Saturday, April 24, 2010

Images of the Buddha - actual pics!

I took some photos of Buddha today and they came out quite clear IMHO.

Here is one..



Do you see the Buddha?

Back in high school I was pretty stressed out. Everything was so raw, so deep and intense - as it usually is for most teenagers I guess. Back then, I was beginning to practice meditation even before I had ever really heard of Buddhism. I would get out of school [sometimes skip school before eventually dropping out altogether] and head for my "space". This was of coarse not "myspace" but my "space" - way, way before personal computers.

My "space" was a small, grassy, tree lined hill in a park not far from my home. I would lay down on the side of the hill which had the most open view of the sky.

Then, I would turn my head off, no thinking allowed. In fact though, I was still sort of thinking. I would just imagine that there was only me and the sky with no earth below. I would just fly through the sky as far and as fast as I wanted to go in any direction. Nothing could impede my flying or falling. I would just turn everything loose and fly, feeling the wind, feeling the sun and the occasional cloud. I was completely free for a while and my stress was really gone while this lasted.

"Sky Gazing" is a kind of meditation that comes from the Tibetan tradition called Dzogchen ("ZO chen"). Dzogchen means "great complete" or "great perfection". This tradition - like Zen Buddhism - puts an emphasis on your 'innate enlightenment'. Your "innate" enlightenment is also called your "Buddha nature" or your innate "natural nirvana".

What is natural nirvana?

Things are complete. Some might say it as things are "perfect", but to me that implies a sort of "goodness" within things and I think that what we're really talking about goes beyond goodness or "badness".

This "completeness" is an innate (natural) quality of all phenomena, of all experiences, but we miss it in our usual way of thinking.

When we "miss" the natural completeness of our experience we create this un-natural world of THING-NESS and THINGS to grab onto and in Buddhism this world is given the name of "samsara"

THINGS don't exist!

A "THING" is an isolation.

"Isolation" is impossible.

"Interdependence" is reality, but not as a THING called "interdependence".

Things appear, but they appear based on their emptiness. In other words, they appear as interdependence-emptiness. They are without THING-NESS. This is the concealed truth of all things and when this truth is no longer concealed, or when it is "cognized" the cognition is called "attained nirvana".

So natural nirvana (aka "your Buddha nature") is just (or exactly) the truth of phenomena that is concealed within our 'samsaric" experience of the world. It is a potential experience when we miss it. It is a realized truth when we see it.

We have to undo that "missing it".

This is where meditation as a "path" or a "practice" comes in.

Meditation as a "path" is the process of uncovering the innate truth that is exactly THE TRUTH precisely because things have ALWAYS or primordially been this way.
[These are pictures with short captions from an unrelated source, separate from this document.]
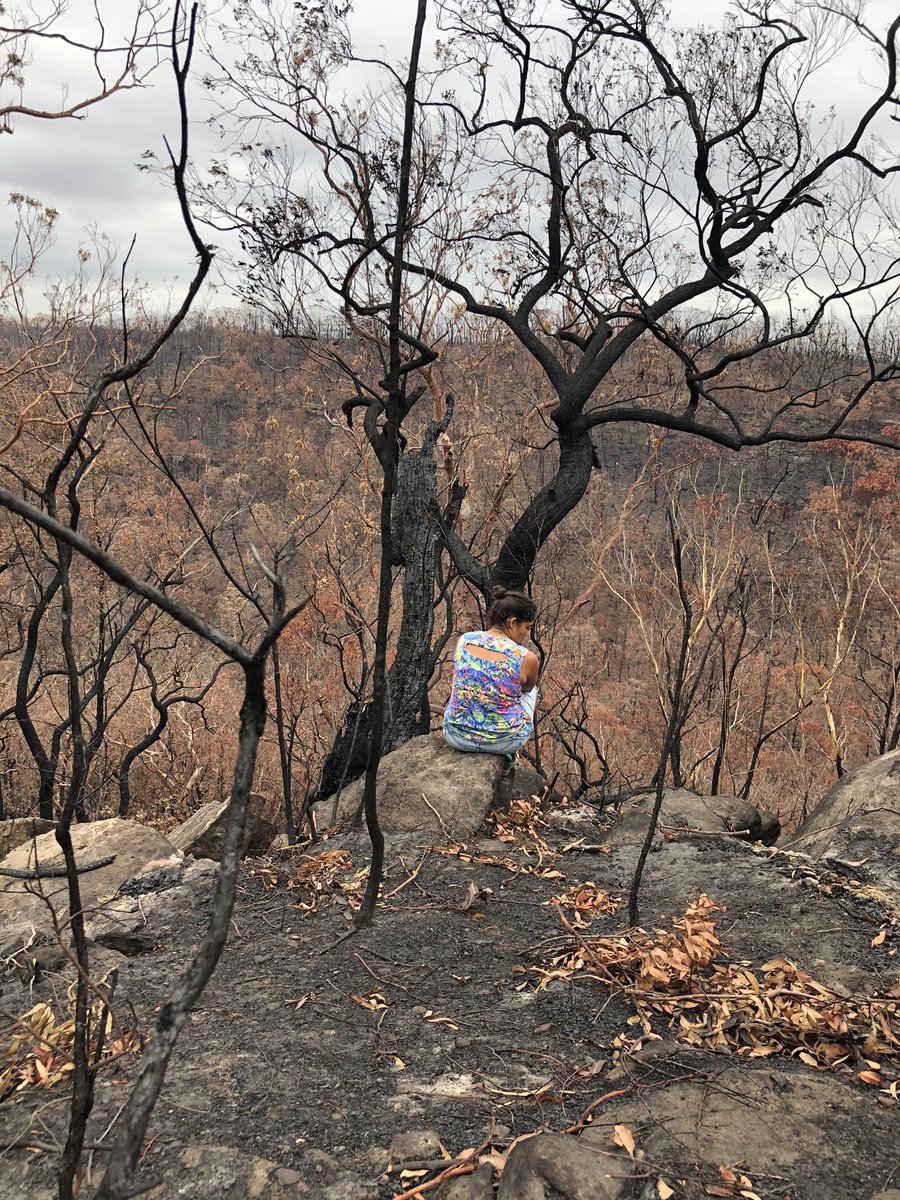 #BlackfullaTwitter I’m searching for wellbeing support mechanisms for mob working in caring for sick &amp; mismanaged Country. We gather on Country with mob but I don’t know the psychology &amp; I want to do right by my team &amp; I. Work offers generic gov EAPS but I know that’s not enough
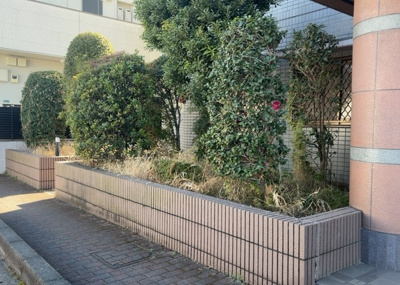 【中庭】 | シャローム橋本 | 中庭（パティオ）とは、一つの建築物の内部に設けられた、壁などで囲われている庭のことを指します。コの字型、ロの字型が主流ですが、L字型の中庭もあります。最近では、インテリア性の高さからも人気があります。
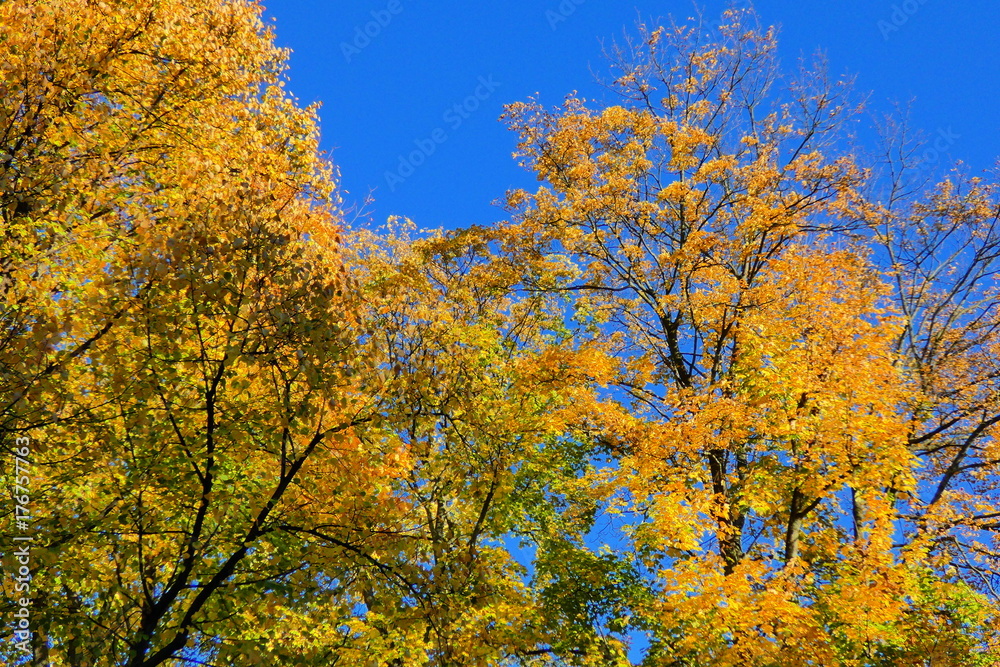Herbstliche Impressionen bei wolkenlosem Himmel Herbstliche Impressionen bei wolkenlosem Himmel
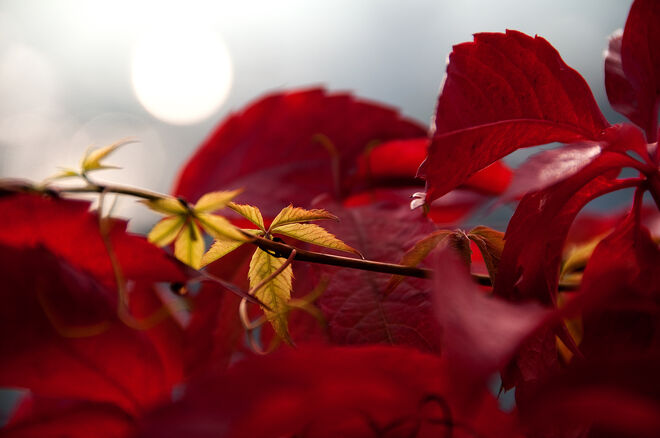 Herbstlicht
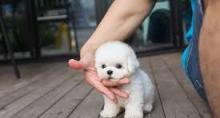 Puppies for sale bichon - Kazakhstan, Kyzylorda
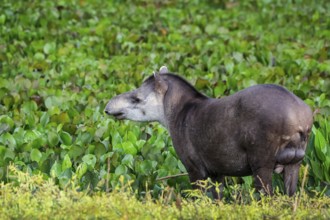 Close-up of a Tapir walking along a lagoon with water plants at dusk light, Pantanal Wetlands, Mato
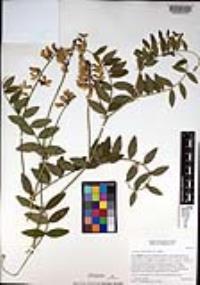 Lathyrus vestitus var. vestitus image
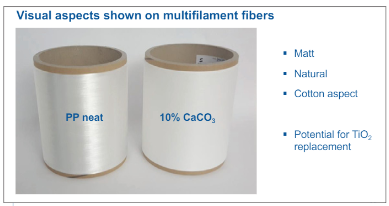 CaCO3 in PP fibers gives a white/matt visual appearance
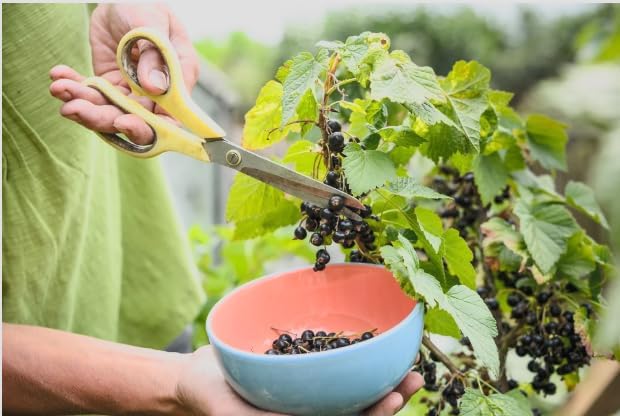 Black Currant Bush Live Plant – Ribes nigrum – Edible Berry Shrub – 2 Year Plant 8–18” Tall – Cold Hardy Fruit Bush - Image 4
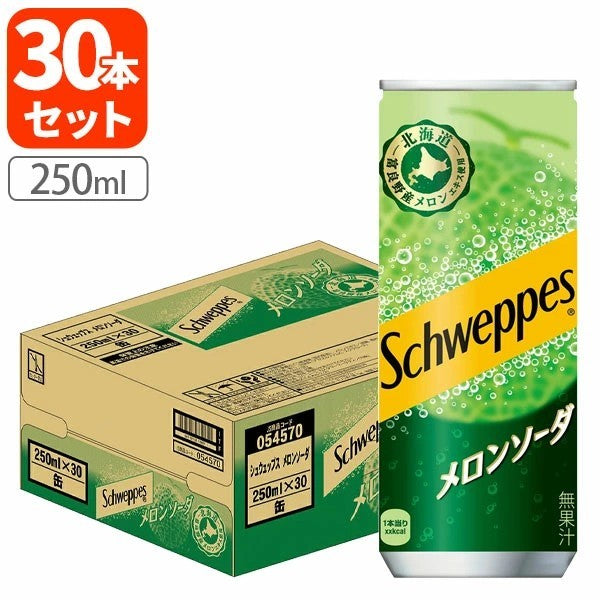 シュウエップスメロンソーダ250ml缶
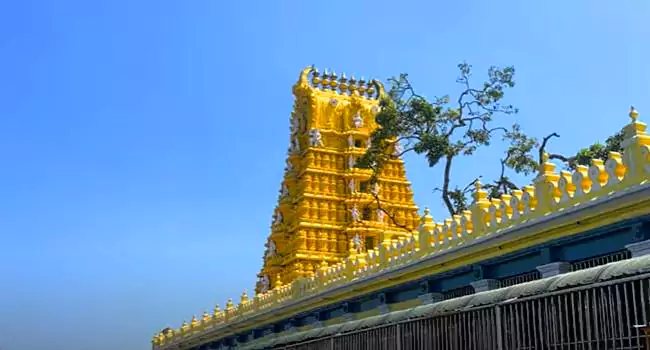 mysore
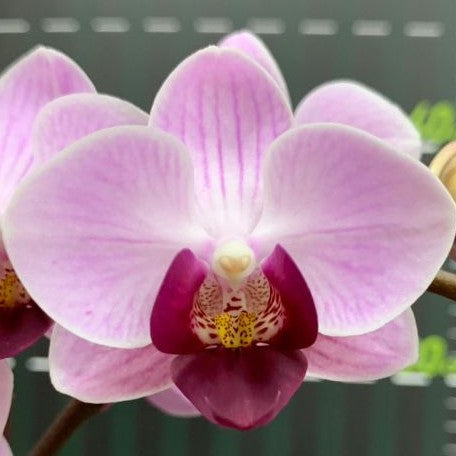 Phalaenopsis Miki Maruko 2.5"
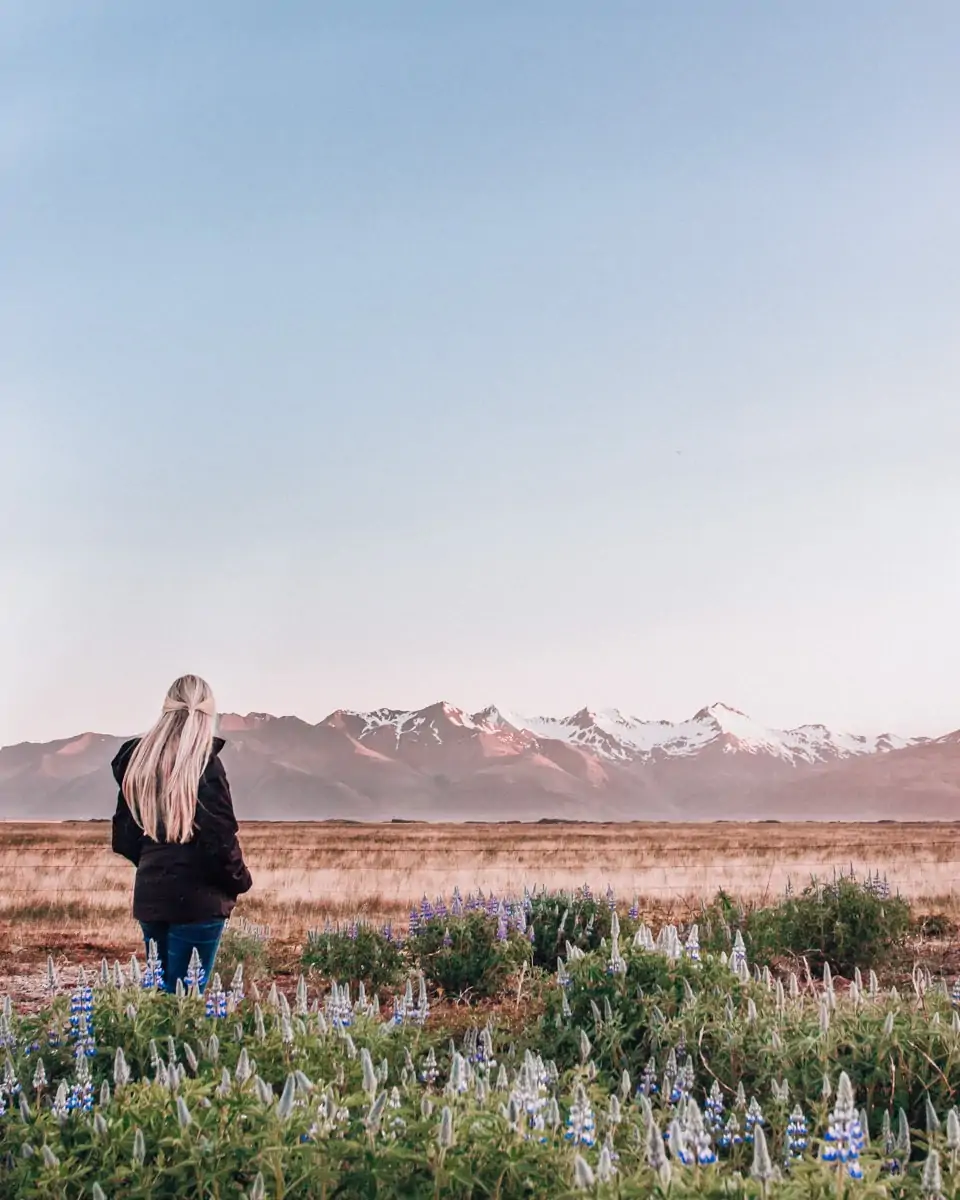 Standing in the Lupine field with snow covered mountains in Iceland in summer near Hofn. Click here for all the best Iceland photo locations around Ring Road in this 6 day Iceland itinerary.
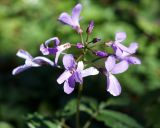 Cardamine quinquefolia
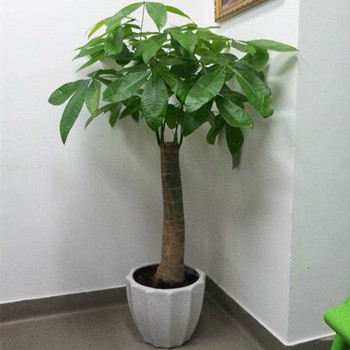 Plant tree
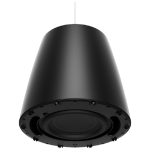 Bose Professional DM10P-Sub B  DesignMax Pendant Subwoofer – Black - Image 3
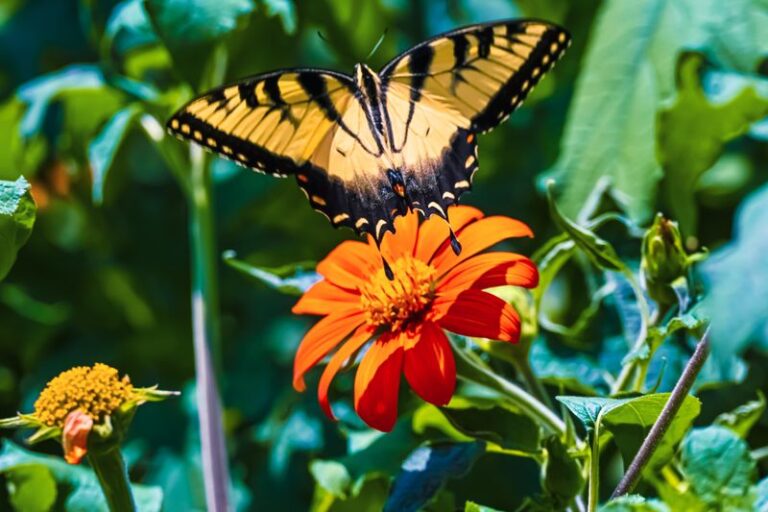 This Tall North Carolina Flower Blooms From Midsummer Into Fall, Pulling In Bees, Hummingbirds, and Butterflies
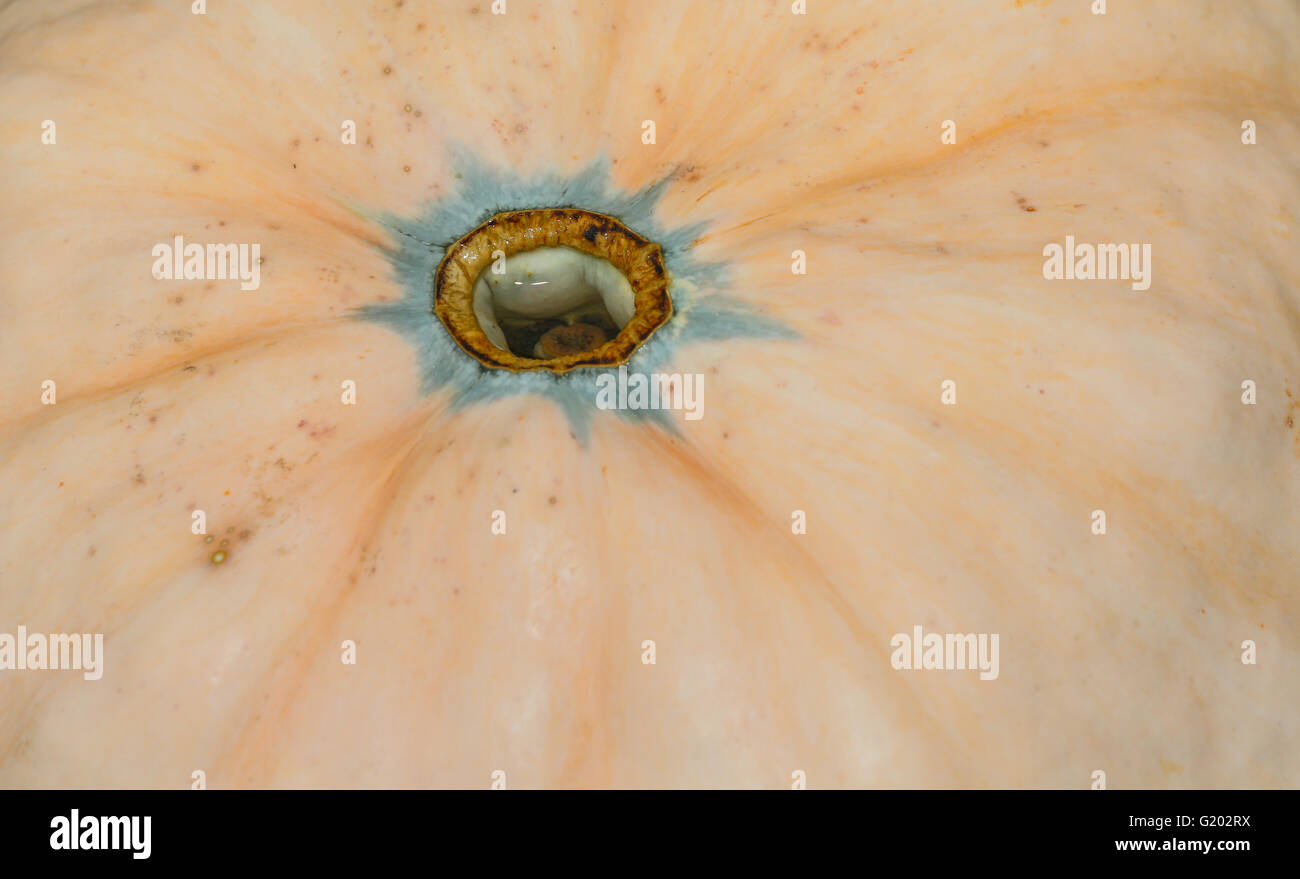 Detail image of a a pumpkin in eastern long island, ny Stock Photo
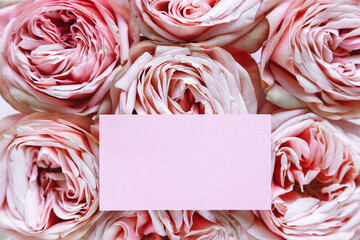 Texture of pink rose buds tightly folded background with pink paper card. Florist template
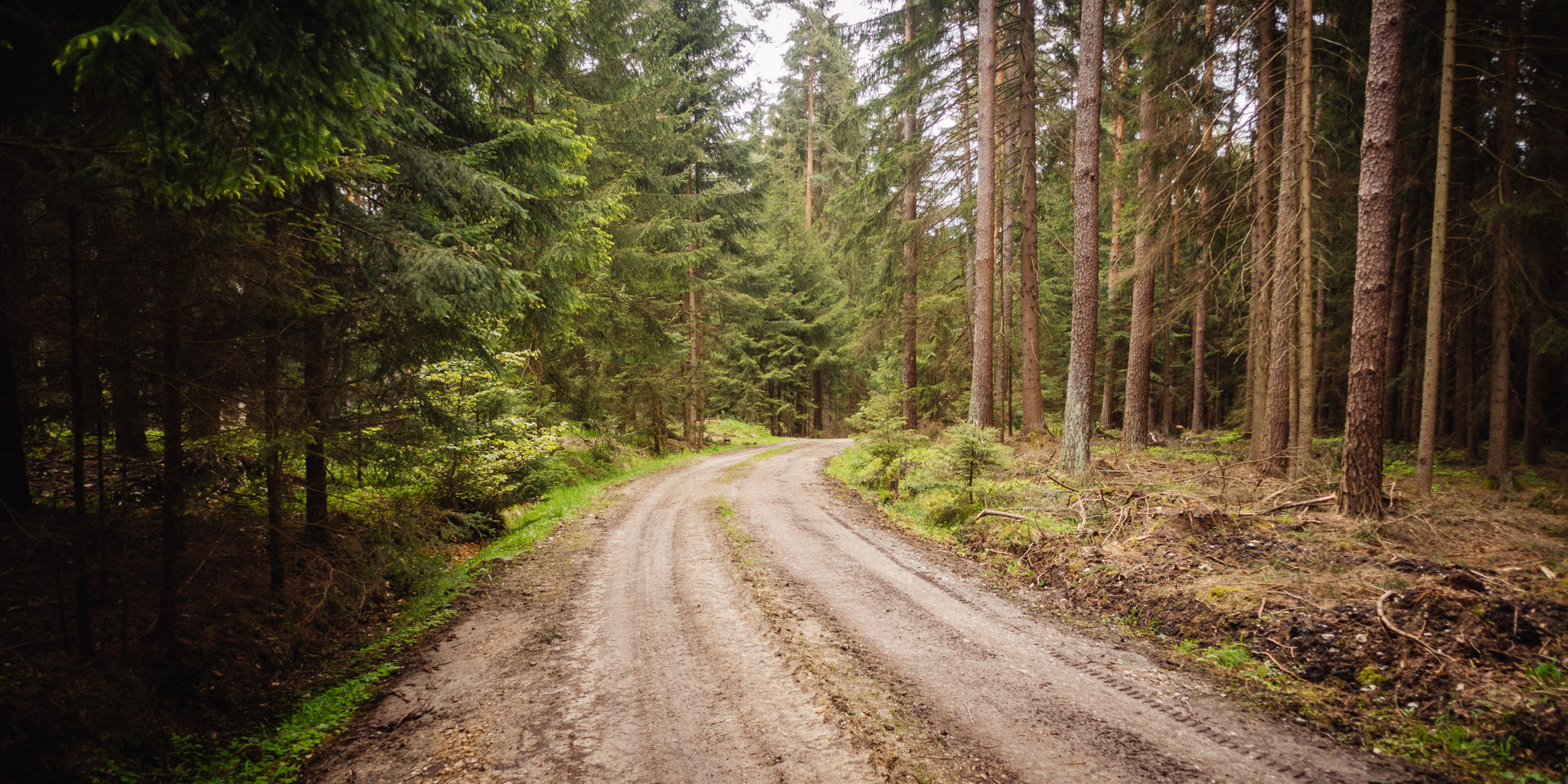2023-05-14 Schnabelwaid-0362
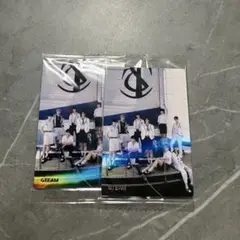 &TEAM ステッカー 青嵐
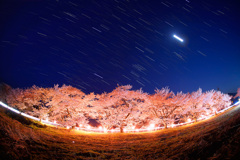 豊房の桜と沈む冬の星座・月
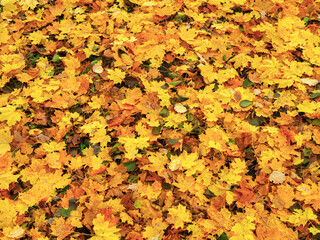 autumn orange leaves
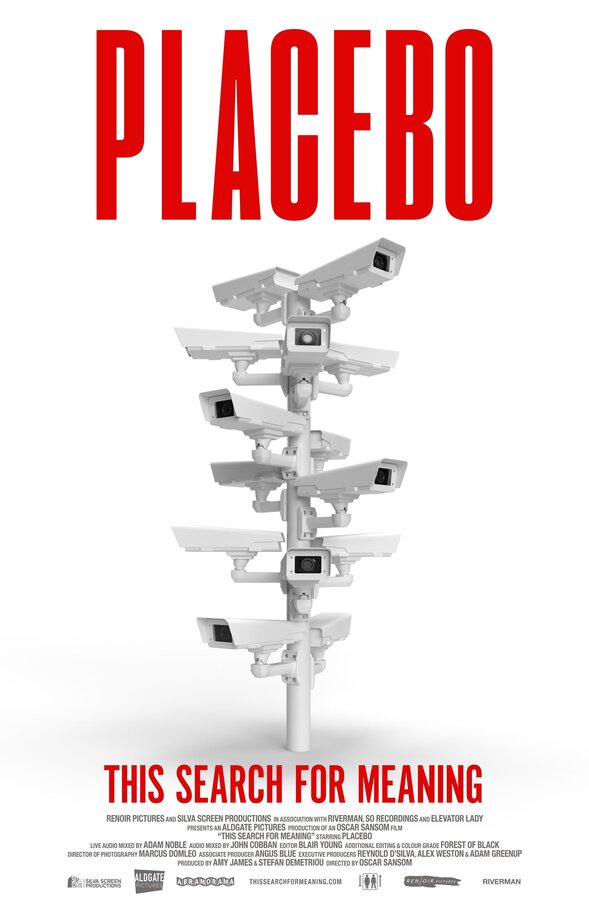 Постер This Search for Meaning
The unique path of Buddhist meditation is to take this truth, this innate state of THIS as THIS is, and use that potential as the path to realize the goal.

Meditation changes nothing.

The path IS the goal.

Meditation changes everything.

When we look at the world it looks like a pile of shit. But when a fly looks at a pile of shit that pile of shit is a feast.

The world is a pile of shit that has within it the potential to be a feast!

There is an innate completeness to things but it is only a potential until we actualize the potential as our truth. That is what Buddhism is about.

The world is a pile of shit.

Actualizing means ridding our experience of the THINGS that block the realization of the completeness.

The world is a feast.

Here is another shot of Buddha I took in the bus yard at work today..



Please go get you some "attained nirvana".

The "sky gazing" that I do has very few rules.

Find a place with a view

A viewless view is best, but anywhere will do

Look up, look out

Endless, boundless, infinite

Space, freedom, uninhibited

Not nothingness, which is something

Awareness is present

Nothing to be aware of

Emptiness is presence

Complete as it is

Nothing to add to or take away

Not future, not past, not even now

Just emptiness, awareness, emptiness

Just sky


Please feel free to use the photos you find here for your 'sky gazing' practice on your computer - it works well in lieu of the real thing.

"Rules" for sky gazing are as follows:

Don't become enthralled by the beauty of the sky, but don't suppress the beauty either.

Don't focus on one particular aspect of the sky, but don't look around and become distracted either.

The best sky's have some clouds, but clouds can't hinder the vast sky.

Don't think about the sky when sky gazing, but don't suppress your thoughts either.

Don't analyze your sky gazing, but do notice the emptiness and awareness that is present.

When you breath out when sky gazing sometimes say AHHHHhhh..., but most of the time don't.

Just sky gaze, let it all go and sky gaze.